Sadece ABD de değil. Fransa’da nasıl bir isyan-ayaklanma havasının estiğini görüyoruz. Covid-19 pandemisi, emperyalist-kapitalist sistemin çöküşüne olağanüstü bir hız kattı. Emperyalist-kapitalist egemenliğe karşı her yerde ayaklanmalar, isyanlar ortaya çıkıyor ve bu durum neredeyse kesintisiz biçimde sürüyor.
Emperyalistler, küresel iç savaştan sonuç alamadılar. Şimdi, İsrail gibi finolarını ileri sürerek devletler arası bir 3.Dünya Savaşı çıkartarak çöküşün önüne geçmeye çalışıyorlar.
Çabaları boşuna!

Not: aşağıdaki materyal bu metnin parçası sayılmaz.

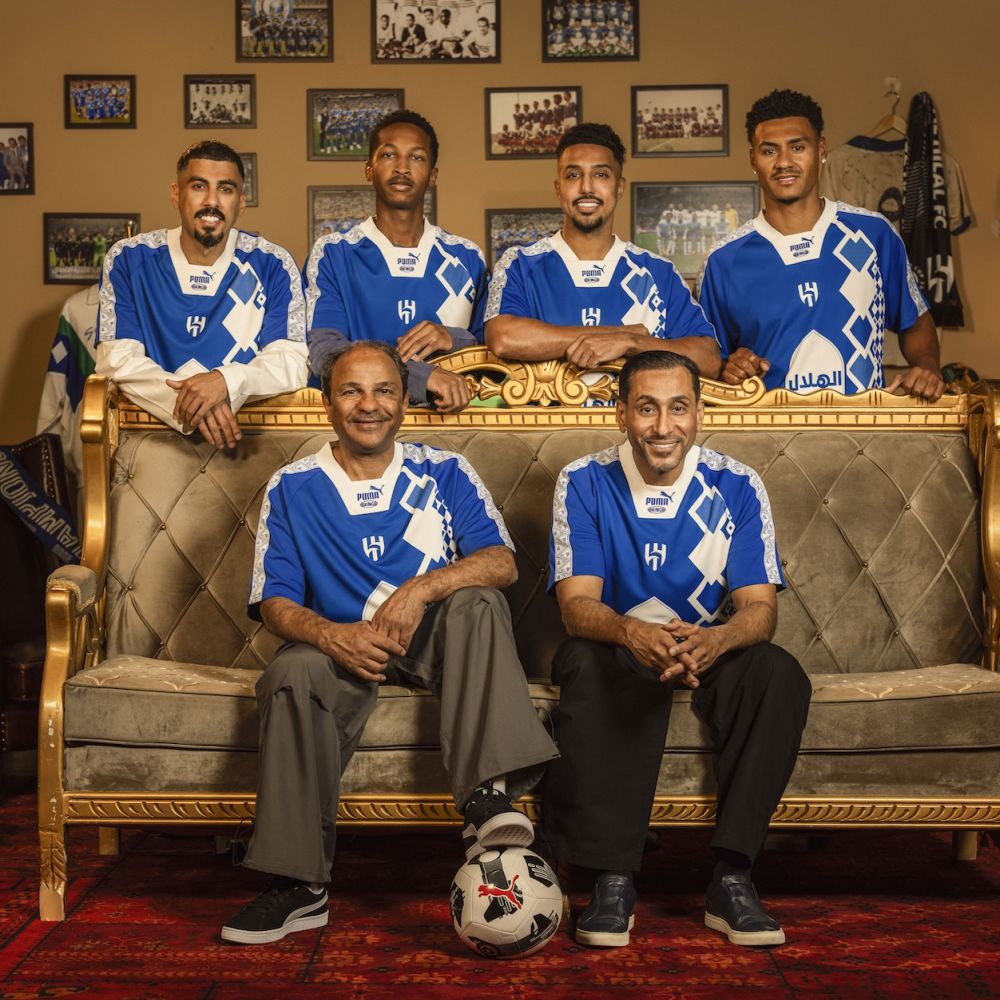 "الهلال" و"بوما" يطلقان طقم ذكرى تأسيس الهلال الـ69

Tarihin komünizme akışını durduramazlar; durduramayacaklar!
----------------------------------------
Dün yazı tamamlandıktan sonra "Trump, Pompeo'ya 3. Dünya Savaşı çıkarmadan İran'a baskıyı artırma izni verdi" başlıklı haber yayımlandı internette. Dünyayı büyük bir yıkım savaşının eşiğine taşıyan bilinçli politikaların bir örneğini daha böylece görmüş olduk.